3xx3 (Letter from Col. William Martin, son of Brigadier General Joseph Martin to Lyman C. Draper - transcribed by William Kent Martin)
Dixon Spring Tenn. 4th of June 1842
D Sir,
On my return home lately from a long journey to the south, I found a letter from my brother John C. Martin of Cannon County, enclosing one from you to him, informing that you were collecting materials, for the purpose of writing out & publishing, Biographical Sketches of distinguished Pioneers of the West and requested him to furnish you with the life & public services of his father (& my father) General Joseph Martin. And my brother presuming that from my age (being much older than him) that I would know more of the particulars than he and has referred it to me.
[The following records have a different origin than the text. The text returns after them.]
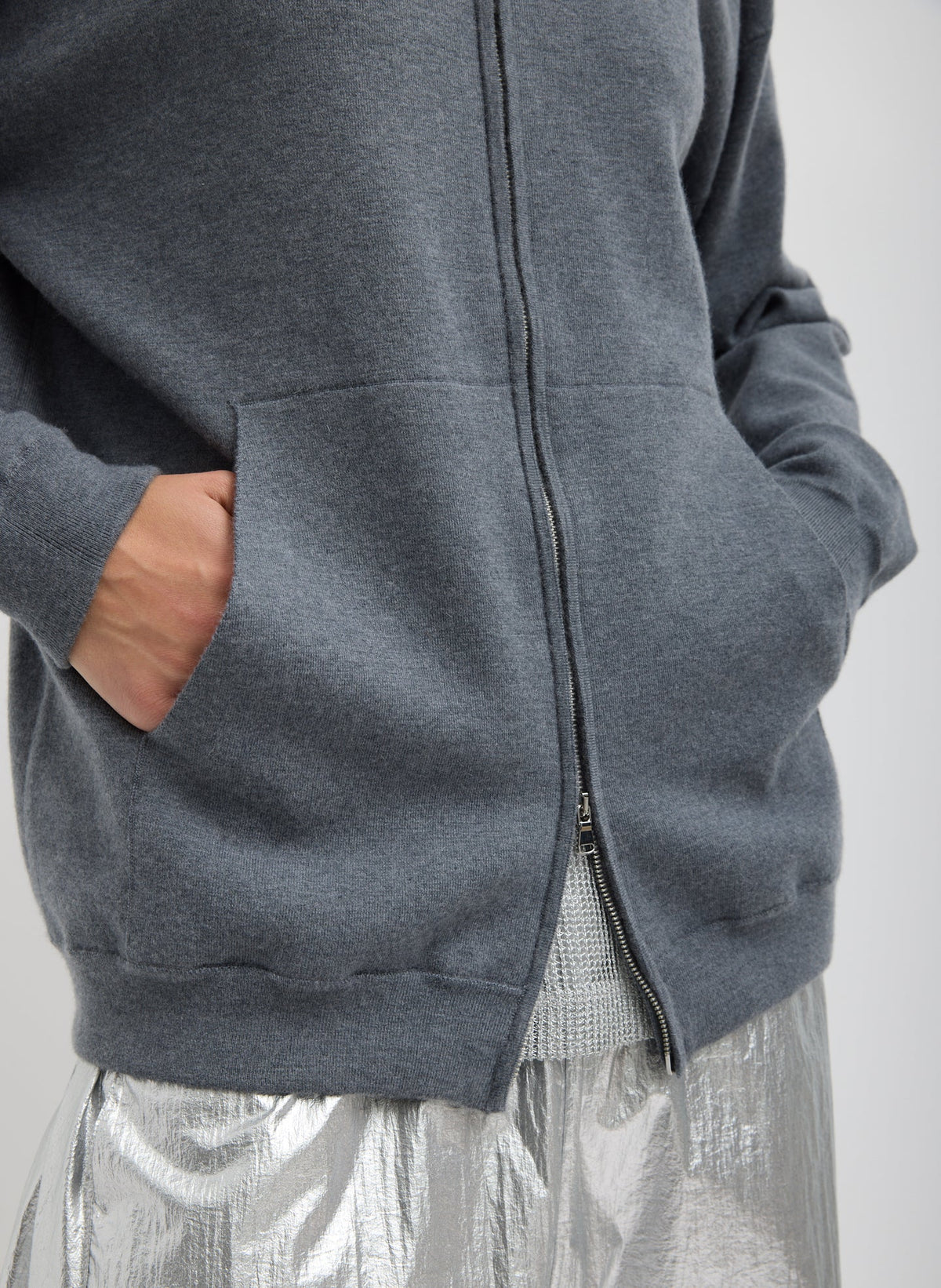 Double Faced Cashmere Hoodie | Tibi Featured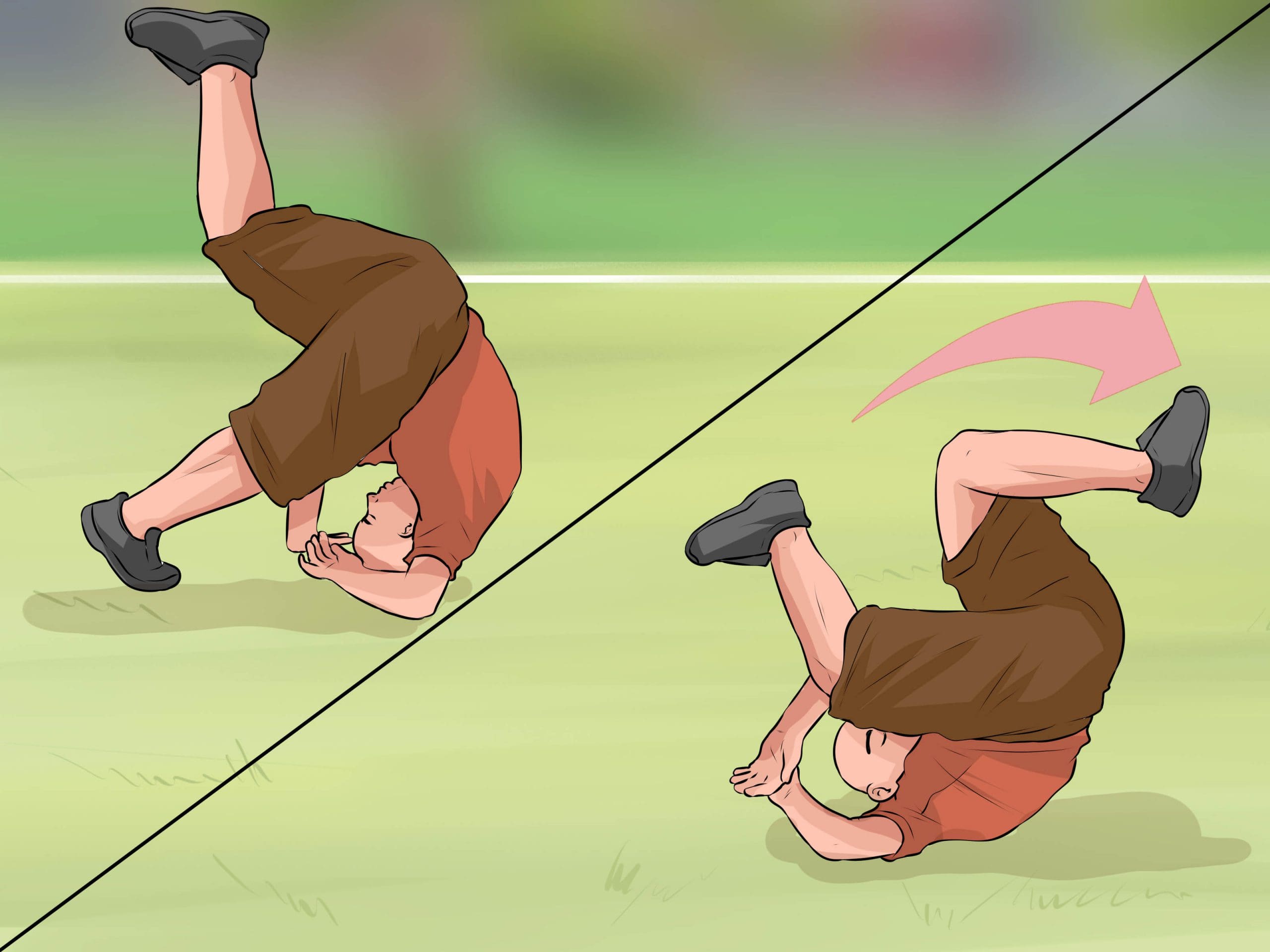 How to fall safely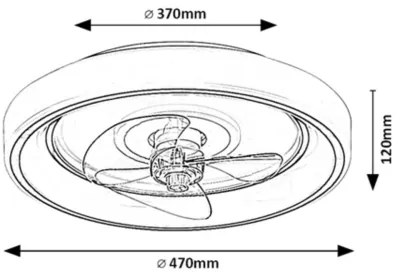 Rabalux 71009 - LED Stmievateľný stropný ventilátor HORACIO LED/67W/230V + DO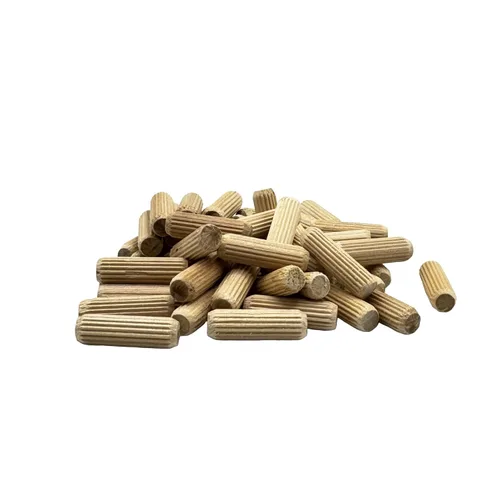 Vista 13 de 1/2" x 2" - Paquete de 100 pasadores de madera - Secados al horno, estriados y biselados (1/2" x 2", 100 unidades)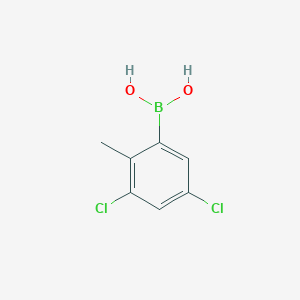 molecular formula C7H7BCl2O2 B1418389 3,5-Dichloro-2-methylphenylboronic acid CAS No. 957120-97-7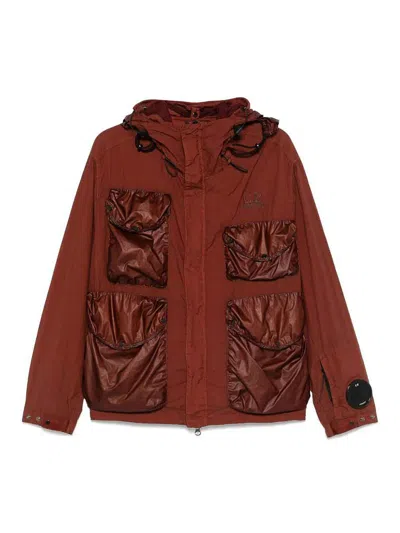 C.p. Company Gogglejacket In Beige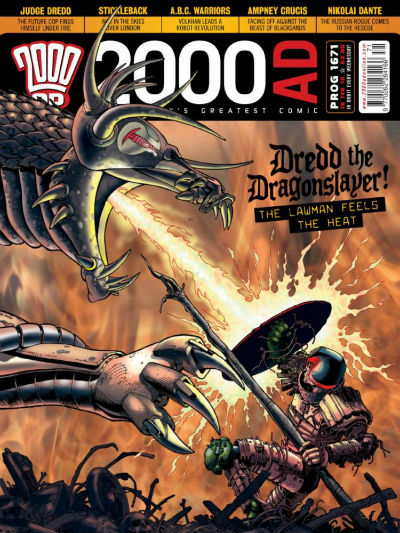 Image for 2000 AD PROG 1671   DREDD THE DRAGONSLAYER!  RELEASED 10TH FEB 2010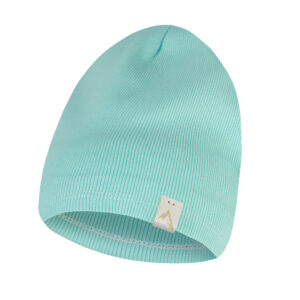czapka dziecieca jednowarstwowa turkusowa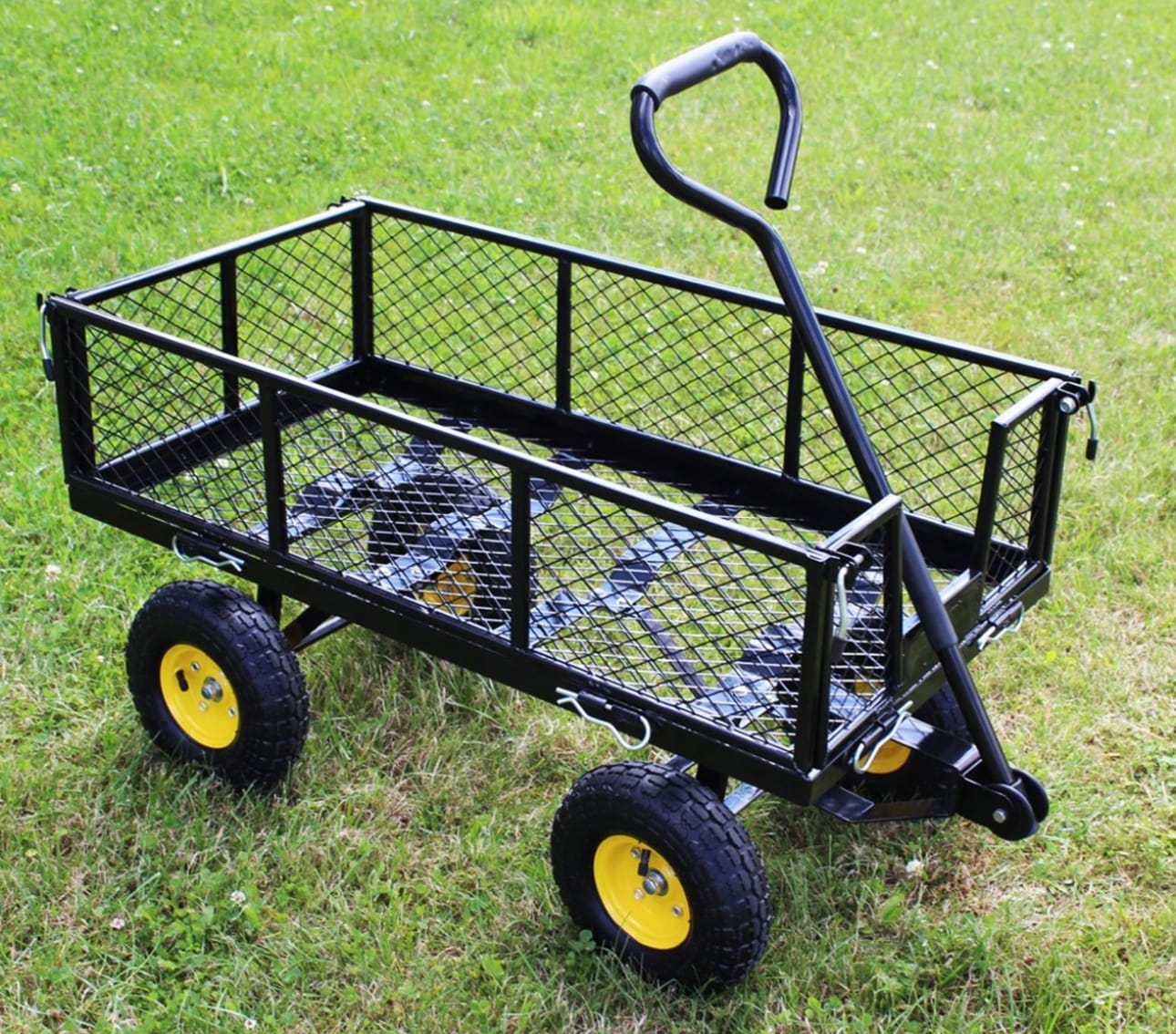 Cărucior de Grădină 300kg cu 4 Roți – Multifuncțional - MAXY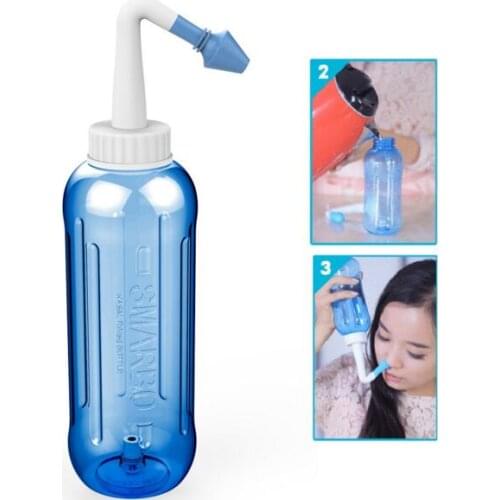 500ML Nose Wash System Nose Cleaner Sinus Allergies Nasal Pressure Neti Pot Nasal Wash Cleaning Tool For Adults Children
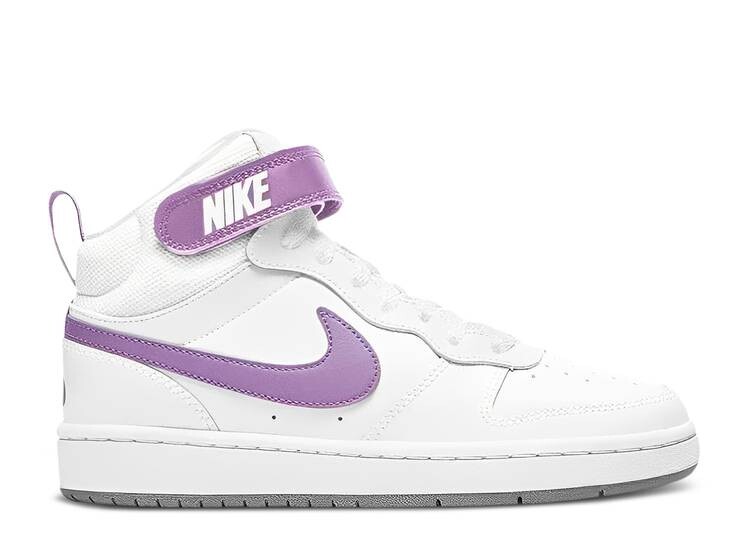 

Кроссовки Nike COURT BOROUGH MID 2 GS 'WHITE FUCHSIA GLOW', белый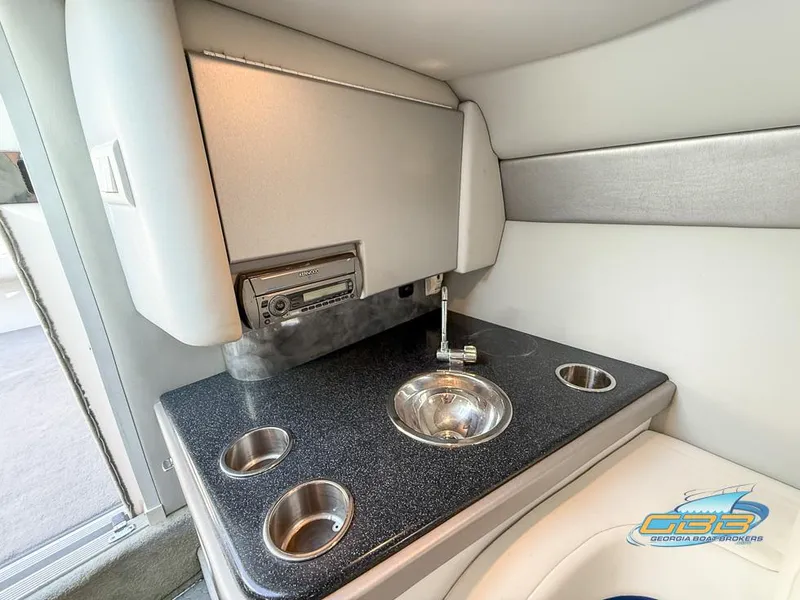 Slide: The Image of 2008 Formula 292 FASTech interior with sink and cup holders. - 25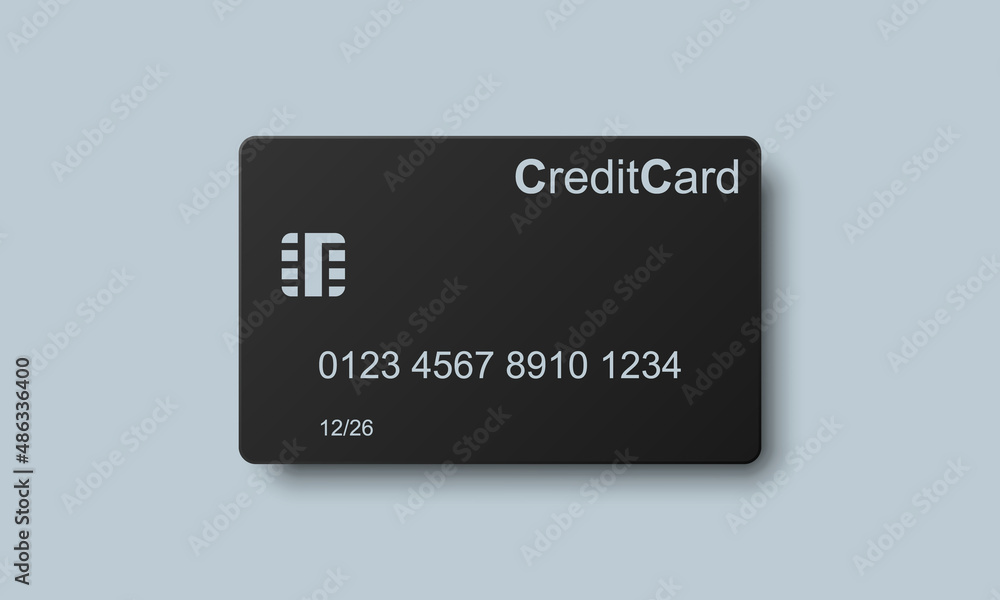 Black credit card template vector illustration. Black credit card template vector illustration.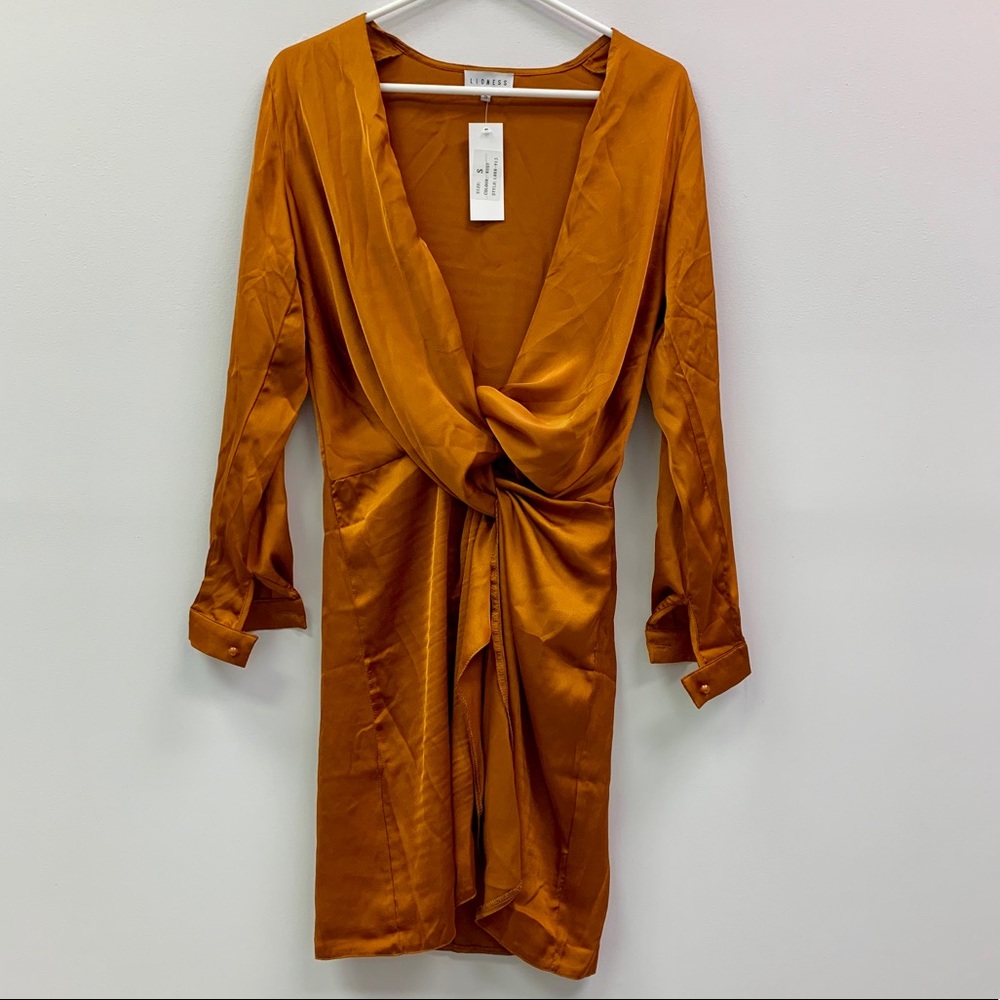 Lioness Satin Knotted Dress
I am therefore about to undertake, tho as I am quite old, I write with great difficulty, as you readily see by this scroll. I am one of my fathers oldest children, was in active life many years before his death. Was with him much in his western enterprises, and in addition he gave me a history of his early life. So that I will be able to furnish pretty fully the particulars you wish. This however will be unavoidably tedious from the difficulty with which I write, & the venerableness of his character. I am much pleasured that this Biographical work is undertaken, & by one too, so competent, as I suppose you to be from what ex Governor Campbell of Va, has said of you in a letter to me on the same subject. He is anxious that this work should be prosecuted, & is disposed to give it all the facilities in his power. Some of his own ancestry came within the purview of your work. They were contemporaries and intimate friends of my father. It must be gratifying to every patriot to see the memory of those great & valuable men, who done so much, and suffered so much for the west, snatched, as it were, from oblivion & held up as a memento to after generations. And I am peculiarly gratified that my venerable father will not be, as I believe by any means, the least luminous in his mighty galaxy. I expect it will be some two or three weeks, before I can forward my manuscript as after I have scribbled it off, it will have to be copied into a fair hand, so that you read it.